Seanad debates

Tuesday, 6 March 2007

2:30 pm

Photo of David NorrisDavid Norris (Independent)

I appreciate that and would not like to overstep the mark. This is the fifth anniversary of a remarkable and immensely moving letter, which we read with great interest, from a woman who had been told that she was carrying a 16 week old foetus with a severe chromosomal abnormality incompatible with life. The trauma of that news was exacerbated by the fact that she was forced to carry it to term by the State. She had two other small children and was expected to carry this trauma and all the difficulties this entailed for the other siblings.
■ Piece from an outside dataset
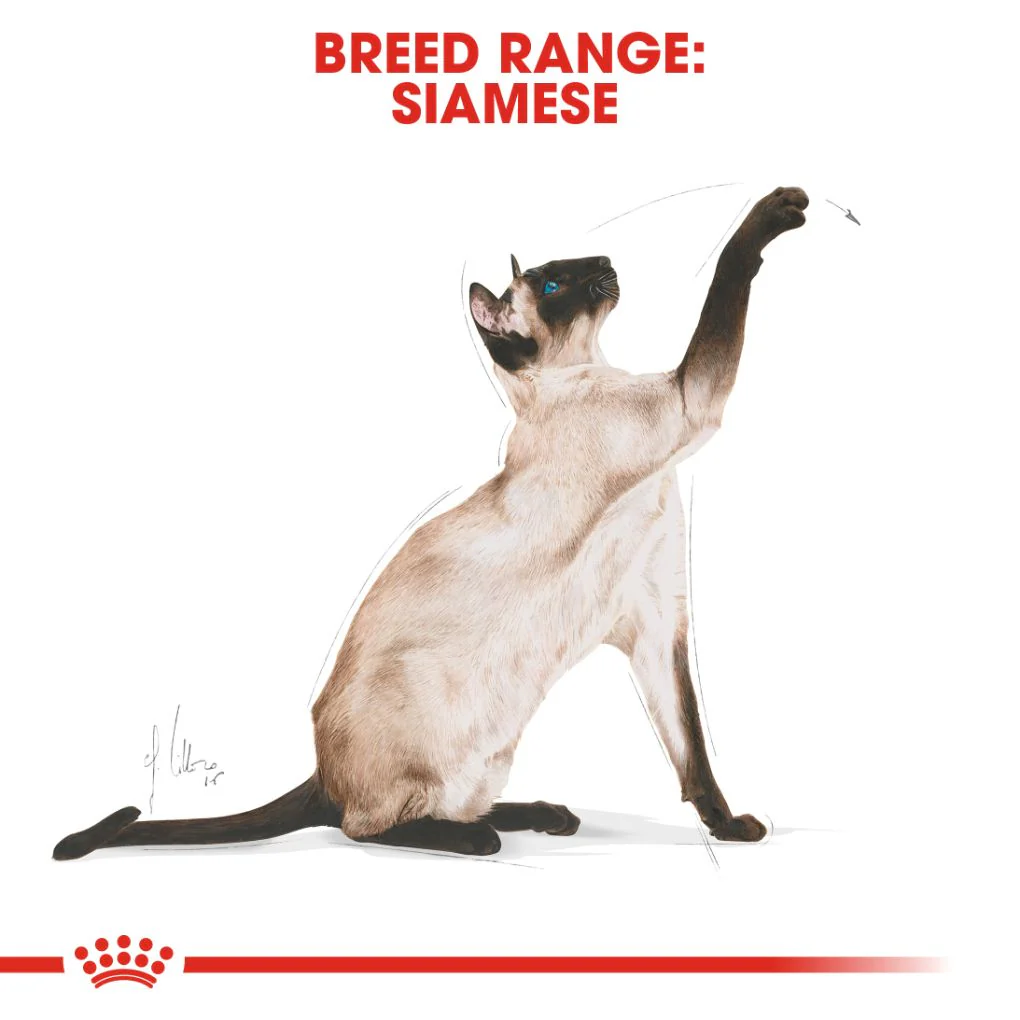 Royal Canin Siamese - Image 7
She did not advocate what she called "social abortion" but stated:

I am angry that men I do not know and who don't know me ... have decided that my body is their demesne; that they have the right to decide how my family will cope with this very real tragedy; that, regardless of the emotional and physical distress for us, I must do what they want; that their bigoted will rules my body.
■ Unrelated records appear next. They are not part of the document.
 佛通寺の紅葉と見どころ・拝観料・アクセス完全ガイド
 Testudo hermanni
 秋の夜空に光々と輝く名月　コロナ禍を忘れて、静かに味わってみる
She challenged this Oireachtas that it has a responsibility to bite the bullet and legislate in this limited area in light of a series of court judgments. The Seanad, as part of the Oireachtas, is constantly castigated for not living up to its responsibilities. The same occurred with the domestic partnership Bill recently. There was a charade whereby it was to be amended in six months, even though we are well aware the Government will be gone by then. As far as I am concerned, it cannot be gone soon enough. Let the general election roll on and I hope, for the sake of the country, that we at last get a Government that will not suffer from the indecision and dithering on these important issues displayed by the present Government.